• Hardware Platform (Jetson / GPU) RTX 4000
• DeepStream Version DS 6.2
• TensorRT Version 8.5.0
• NVIDIA GPU Driver Version (valid for GPU only) 525.x.x.x
• Issue Type( questions, new requirements, bugs) question
I have built C++ BLS backend and BLS works fine if I use python application with grpc call for inferencing but if I use deepstream app do so, It is getting crashed.

I see input tensor memory is different in both the scenario, in case of python app, I am getting memory type 0 for input tensor which indicates CPU but if I use deepstream app then getting memory type 2 for input tensor which indicates GPU memory.

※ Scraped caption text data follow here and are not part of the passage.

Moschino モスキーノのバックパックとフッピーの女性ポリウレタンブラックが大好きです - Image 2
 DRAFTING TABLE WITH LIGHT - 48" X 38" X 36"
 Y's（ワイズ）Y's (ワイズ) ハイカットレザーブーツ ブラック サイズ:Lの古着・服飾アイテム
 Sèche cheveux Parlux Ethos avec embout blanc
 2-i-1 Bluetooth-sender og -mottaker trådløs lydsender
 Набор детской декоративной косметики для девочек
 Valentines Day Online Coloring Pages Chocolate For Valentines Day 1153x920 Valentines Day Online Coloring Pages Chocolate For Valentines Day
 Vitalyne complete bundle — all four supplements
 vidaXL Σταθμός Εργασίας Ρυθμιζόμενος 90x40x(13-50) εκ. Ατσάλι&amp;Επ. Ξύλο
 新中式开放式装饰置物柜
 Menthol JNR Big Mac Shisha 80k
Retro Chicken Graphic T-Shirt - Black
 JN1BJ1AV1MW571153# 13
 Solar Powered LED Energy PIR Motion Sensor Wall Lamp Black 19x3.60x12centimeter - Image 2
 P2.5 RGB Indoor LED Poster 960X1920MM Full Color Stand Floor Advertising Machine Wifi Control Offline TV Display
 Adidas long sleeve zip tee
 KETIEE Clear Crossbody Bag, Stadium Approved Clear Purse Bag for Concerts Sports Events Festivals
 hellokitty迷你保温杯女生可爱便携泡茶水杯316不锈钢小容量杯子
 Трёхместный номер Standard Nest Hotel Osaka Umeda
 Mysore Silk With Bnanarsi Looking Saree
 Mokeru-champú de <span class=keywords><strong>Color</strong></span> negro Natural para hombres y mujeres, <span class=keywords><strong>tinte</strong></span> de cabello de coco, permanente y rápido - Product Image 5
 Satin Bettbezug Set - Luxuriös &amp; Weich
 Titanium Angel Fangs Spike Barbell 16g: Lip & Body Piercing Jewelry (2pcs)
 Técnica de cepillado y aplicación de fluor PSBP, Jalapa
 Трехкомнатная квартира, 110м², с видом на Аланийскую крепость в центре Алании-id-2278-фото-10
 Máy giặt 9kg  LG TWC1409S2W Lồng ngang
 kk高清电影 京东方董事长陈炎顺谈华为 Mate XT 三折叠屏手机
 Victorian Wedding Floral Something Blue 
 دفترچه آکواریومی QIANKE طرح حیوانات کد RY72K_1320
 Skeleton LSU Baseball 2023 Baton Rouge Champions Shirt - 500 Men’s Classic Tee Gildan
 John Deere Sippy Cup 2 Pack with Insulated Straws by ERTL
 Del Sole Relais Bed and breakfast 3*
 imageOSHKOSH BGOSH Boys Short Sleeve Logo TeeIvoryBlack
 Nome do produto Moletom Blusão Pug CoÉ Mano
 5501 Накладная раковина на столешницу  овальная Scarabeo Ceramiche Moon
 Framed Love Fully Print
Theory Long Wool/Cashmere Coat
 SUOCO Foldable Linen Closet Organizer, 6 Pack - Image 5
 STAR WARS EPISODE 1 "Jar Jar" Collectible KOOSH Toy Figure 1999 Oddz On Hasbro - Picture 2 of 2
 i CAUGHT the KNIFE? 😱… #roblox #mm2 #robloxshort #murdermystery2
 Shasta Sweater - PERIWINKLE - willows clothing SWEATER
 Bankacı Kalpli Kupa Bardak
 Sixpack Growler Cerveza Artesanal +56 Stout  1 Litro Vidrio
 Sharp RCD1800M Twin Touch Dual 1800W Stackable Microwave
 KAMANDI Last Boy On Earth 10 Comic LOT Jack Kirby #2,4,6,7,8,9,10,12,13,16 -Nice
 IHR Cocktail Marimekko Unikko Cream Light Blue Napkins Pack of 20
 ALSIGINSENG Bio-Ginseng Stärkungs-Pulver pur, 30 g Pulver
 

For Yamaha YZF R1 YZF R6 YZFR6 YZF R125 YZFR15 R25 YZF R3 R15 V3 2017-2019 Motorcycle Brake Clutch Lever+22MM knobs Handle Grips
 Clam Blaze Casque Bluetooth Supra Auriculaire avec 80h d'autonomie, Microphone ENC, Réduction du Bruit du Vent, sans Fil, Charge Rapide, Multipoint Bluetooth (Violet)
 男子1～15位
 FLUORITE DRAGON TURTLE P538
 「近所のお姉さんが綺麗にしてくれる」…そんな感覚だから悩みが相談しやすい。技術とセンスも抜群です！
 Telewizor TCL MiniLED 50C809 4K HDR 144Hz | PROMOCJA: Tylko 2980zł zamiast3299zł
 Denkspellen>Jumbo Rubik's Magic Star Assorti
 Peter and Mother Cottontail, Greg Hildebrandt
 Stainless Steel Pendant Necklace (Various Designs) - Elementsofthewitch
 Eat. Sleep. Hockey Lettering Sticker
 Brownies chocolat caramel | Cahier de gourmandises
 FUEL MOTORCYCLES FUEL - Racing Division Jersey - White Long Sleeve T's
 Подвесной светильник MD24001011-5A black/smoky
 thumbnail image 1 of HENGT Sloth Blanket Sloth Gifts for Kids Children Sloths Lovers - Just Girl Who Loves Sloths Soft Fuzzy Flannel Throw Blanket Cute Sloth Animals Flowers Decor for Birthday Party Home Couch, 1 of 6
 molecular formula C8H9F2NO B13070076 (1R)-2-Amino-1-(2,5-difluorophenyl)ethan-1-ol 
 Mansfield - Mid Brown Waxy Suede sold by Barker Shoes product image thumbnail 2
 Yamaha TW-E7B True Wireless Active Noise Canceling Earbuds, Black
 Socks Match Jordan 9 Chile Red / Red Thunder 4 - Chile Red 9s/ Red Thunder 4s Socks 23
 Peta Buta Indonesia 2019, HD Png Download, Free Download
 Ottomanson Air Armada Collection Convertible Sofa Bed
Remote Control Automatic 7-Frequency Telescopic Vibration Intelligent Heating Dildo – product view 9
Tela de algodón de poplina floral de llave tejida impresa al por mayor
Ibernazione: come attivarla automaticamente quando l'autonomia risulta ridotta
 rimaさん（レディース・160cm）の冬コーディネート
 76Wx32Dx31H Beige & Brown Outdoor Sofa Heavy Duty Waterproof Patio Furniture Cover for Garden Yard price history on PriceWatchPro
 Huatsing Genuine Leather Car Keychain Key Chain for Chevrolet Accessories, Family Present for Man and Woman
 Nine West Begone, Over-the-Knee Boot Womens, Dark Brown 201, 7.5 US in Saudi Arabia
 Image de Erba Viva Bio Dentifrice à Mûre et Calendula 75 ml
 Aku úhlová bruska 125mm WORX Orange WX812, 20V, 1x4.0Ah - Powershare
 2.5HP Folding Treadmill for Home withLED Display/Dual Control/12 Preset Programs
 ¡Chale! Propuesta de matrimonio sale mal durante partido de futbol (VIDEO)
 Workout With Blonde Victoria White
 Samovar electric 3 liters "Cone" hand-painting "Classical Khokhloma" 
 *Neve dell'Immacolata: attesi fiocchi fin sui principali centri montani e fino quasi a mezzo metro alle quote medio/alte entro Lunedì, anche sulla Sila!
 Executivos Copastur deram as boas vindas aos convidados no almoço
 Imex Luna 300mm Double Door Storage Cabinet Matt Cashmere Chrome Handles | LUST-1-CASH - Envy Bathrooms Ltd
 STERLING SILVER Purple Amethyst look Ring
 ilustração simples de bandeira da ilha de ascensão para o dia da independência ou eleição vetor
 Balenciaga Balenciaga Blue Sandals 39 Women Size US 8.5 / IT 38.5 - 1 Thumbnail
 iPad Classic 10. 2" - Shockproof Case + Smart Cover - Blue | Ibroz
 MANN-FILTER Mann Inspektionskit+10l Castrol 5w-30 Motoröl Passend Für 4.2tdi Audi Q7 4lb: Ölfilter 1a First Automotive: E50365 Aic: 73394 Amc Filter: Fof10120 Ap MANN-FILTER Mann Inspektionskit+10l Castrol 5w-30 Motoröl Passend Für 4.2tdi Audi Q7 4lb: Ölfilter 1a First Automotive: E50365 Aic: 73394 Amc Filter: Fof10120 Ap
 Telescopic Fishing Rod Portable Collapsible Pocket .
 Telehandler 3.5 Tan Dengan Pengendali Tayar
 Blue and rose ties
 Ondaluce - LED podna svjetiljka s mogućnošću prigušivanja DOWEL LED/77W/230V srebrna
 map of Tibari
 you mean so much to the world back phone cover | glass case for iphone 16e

How can I access input image (tensor) from GPU memory into BLS model. below is my pipeline structure into triton-server.

ensemble_model → DALI → TensorRT MODEL ->BLS

DeepStream app can only work as Triton client. How did you get the memory type and where?

Hi @Fiona.Chen ,

I have created C/C++ BLS model and try to use BLS model as part of ensemble model from deepstream as described above.

BLS model expects input tensor as part of CPU memory but I am getting it in GPU memory.

I have figured it out way to copy from GPU to CPU memory and now it is working fine.
I used CUDA stream to fetch data from GPU memory to CPU memory.

What is your nvinferserver configuration?